New Zealand shares rose as investors were drawn to companies with a growth story, such as SkyCity Entertainment, while Chorus fell on disappointment a report on its funding issues hasn't swayed the government.

The NZX 50 Index gained 18.552 points, or 0.4 percent, to 4735.611. Within the index, 25 stocks rose, 15 fell and 10 were unchanged. Turnover was $149 million.

SkyCity rose 6.3 percent to $3.89 on the prospects of growth in visitors from Asia to its Adelaide casino and hotel complex redevelopment, its operations in Queenstown and even its yet-to-be-built convention centre in Auckland.
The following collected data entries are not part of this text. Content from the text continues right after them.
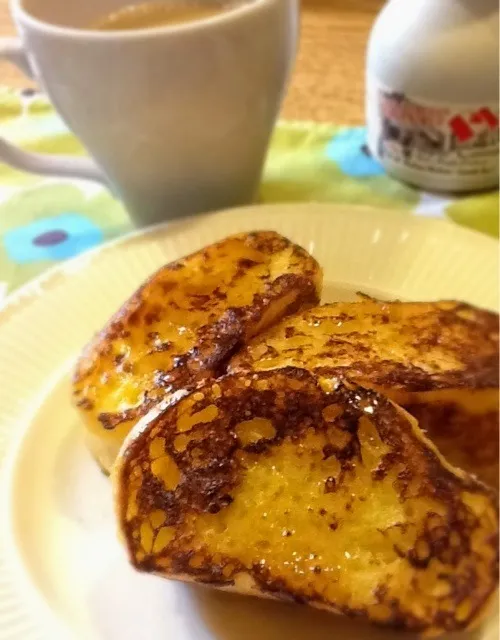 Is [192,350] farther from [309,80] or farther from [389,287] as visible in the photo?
[309,80]

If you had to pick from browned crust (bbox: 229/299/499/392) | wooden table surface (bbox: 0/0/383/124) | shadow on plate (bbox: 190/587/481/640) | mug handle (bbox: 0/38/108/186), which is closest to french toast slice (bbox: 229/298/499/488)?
browned crust (bbox: 229/299/499/392)

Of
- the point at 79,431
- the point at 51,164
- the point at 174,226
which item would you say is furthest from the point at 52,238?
the point at 79,431

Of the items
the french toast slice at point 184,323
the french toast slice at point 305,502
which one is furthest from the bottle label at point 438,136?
the french toast slice at point 305,502

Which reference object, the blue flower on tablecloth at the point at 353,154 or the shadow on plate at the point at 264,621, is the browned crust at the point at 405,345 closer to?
the shadow on plate at the point at 264,621

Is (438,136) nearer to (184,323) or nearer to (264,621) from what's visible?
(184,323)

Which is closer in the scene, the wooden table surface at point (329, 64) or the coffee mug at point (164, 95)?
the coffee mug at point (164, 95)

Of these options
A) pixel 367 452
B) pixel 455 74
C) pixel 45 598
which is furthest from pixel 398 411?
pixel 455 74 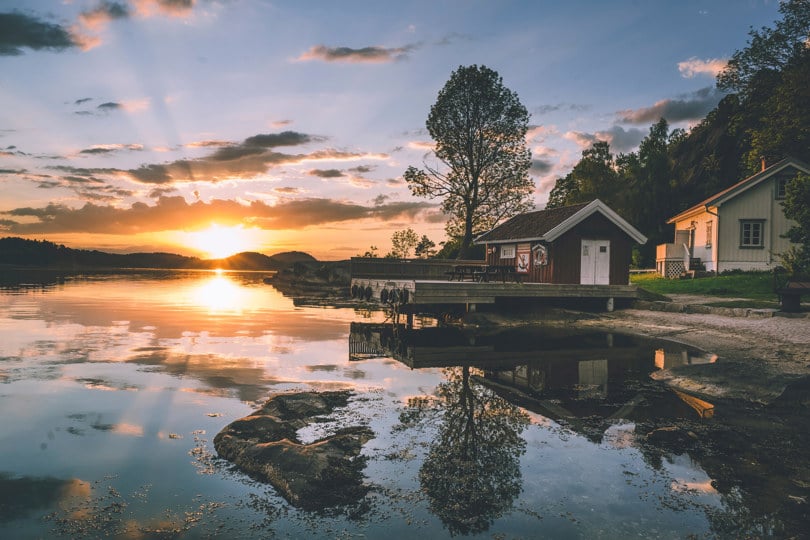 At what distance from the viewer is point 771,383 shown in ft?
37.4

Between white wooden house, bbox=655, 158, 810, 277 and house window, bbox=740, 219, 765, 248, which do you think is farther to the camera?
house window, bbox=740, 219, 765, 248

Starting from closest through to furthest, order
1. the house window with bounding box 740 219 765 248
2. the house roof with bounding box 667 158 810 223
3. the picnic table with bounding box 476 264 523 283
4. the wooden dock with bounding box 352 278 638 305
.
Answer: the wooden dock with bounding box 352 278 638 305
the picnic table with bounding box 476 264 523 283
the house roof with bounding box 667 158 810 223
the house window with bounding box 740 219 765 248

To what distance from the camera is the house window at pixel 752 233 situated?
3434cm

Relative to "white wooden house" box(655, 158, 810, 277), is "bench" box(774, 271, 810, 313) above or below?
below

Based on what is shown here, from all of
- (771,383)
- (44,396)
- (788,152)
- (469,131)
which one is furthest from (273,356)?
(788,152)

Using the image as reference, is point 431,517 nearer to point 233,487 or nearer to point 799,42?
point 233,487

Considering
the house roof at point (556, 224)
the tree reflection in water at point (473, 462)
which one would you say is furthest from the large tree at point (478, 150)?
the tree reflection in water at point (473, 462)

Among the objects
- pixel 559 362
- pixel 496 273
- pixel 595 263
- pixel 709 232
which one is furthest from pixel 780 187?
pixel 559 362

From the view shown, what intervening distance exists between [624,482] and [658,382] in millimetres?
6441

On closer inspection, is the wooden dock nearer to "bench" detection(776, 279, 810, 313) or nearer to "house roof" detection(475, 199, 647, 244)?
"house roof" detection(475, 199, 647, 244)

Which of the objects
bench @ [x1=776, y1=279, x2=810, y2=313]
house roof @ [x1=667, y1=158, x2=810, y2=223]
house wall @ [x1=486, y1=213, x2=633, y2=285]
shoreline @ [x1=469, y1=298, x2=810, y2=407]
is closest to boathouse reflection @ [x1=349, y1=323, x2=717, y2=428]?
shoreline @ [x1=469, y1=298, x2=810, y2=407]

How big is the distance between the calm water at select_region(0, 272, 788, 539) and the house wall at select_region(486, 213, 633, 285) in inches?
391

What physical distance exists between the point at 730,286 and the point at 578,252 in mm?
8536

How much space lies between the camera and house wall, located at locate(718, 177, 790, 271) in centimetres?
3403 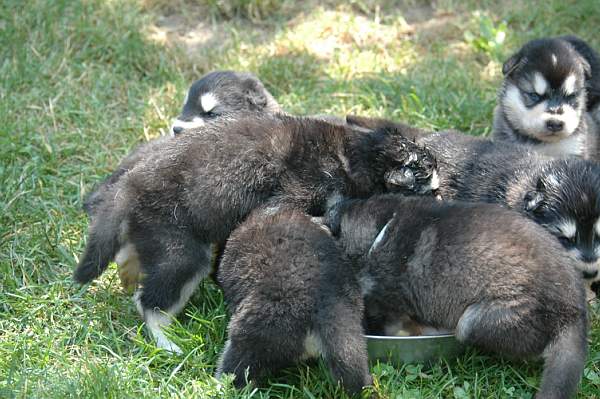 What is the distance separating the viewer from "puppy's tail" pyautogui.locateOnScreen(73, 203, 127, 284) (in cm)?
498

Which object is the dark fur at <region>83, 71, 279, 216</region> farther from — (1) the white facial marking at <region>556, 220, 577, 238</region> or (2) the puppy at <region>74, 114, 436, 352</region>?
(1) the white facial marking at <region>556, 220, 577, 238</region>

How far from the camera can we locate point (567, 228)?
498 cm

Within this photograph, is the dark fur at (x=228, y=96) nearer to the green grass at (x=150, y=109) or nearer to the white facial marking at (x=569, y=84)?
the green grass at (x=150, y=109)

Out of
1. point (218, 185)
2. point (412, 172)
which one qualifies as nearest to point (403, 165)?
point (412, 172)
"It really is a growth story, which is Chinese tourism," said Greg Easton, adviser at Craigs Investment Partners. Analysts at Craigs said in a report this month that SkyCity faced a "benign earnings outlook".

Auckland International Airport, the nation's busiest gateway, rose 1.7 percent to $3.595.

Fonterra Shareholders' Fund rose 2.3 percent to $5.81 ahead of the GlobalDairyTrade auction this week. The dairy giant unexpectedly held its milk payout forecast unchanged last year, as it faces a squeeze between high prices for milk and prices for cheese and casein that aren't rising as much.

Chorus fell 2.7 percent to $1.43 after a report into its future by Ernst & Young Australia said options for coping with regulated price cuts on its copper lines while building the new UFB network include allowing the quality of its service to drop by under-investing in maintenance and upgrades. Communications Minister Amy Adams said Chorus could make up some of the funding shortfall "by implementing a number of cash flow savings initiatives."

"The report and the statements that came out along with it haven't really given the market any more certainty about Chorus's future," Easton said.

Units in Kiwi Income Property Trust were halted at $1.10 before trading opened today to allow Commonwealth Bank of Australia to sell its 8.6 percent stake in the property investor having been bought out of the management contract for $70.5 million.

Argosy Property fell 0.6 percent to 91 cents after the property investor sold a poorly performing office building in Auckland's Ellerslie for 92 percent of book value.

A new five-year high in the New Zealand/Australian dollar cross-rate weighed on companies with exposure across the Tasman. Fletcher Building, the biggest company on the exchange, fell 2.3 percent to $8.57, outdoor equipment chain Kathmandu dropped 2.7 percent to $3.25 and clothing retailer Hallenstein Glasson declined 1.5 percent to $3.41.

Property for Industries gained 0.8 percent after its latest independent valuation lifted the value of its portfolio 2.4 percent to $841.7 million.

State-controlled power companies continued their recovery from recent lows, with instalment receipts in Meridian Energy up 2 percent to $1.005 and shares in MightyRiverPower gaining 1 percent to $2.07. TrustPower gained 2.2 percent to $6.65, while Contact Energy slipped 0.4 percent to $4.97.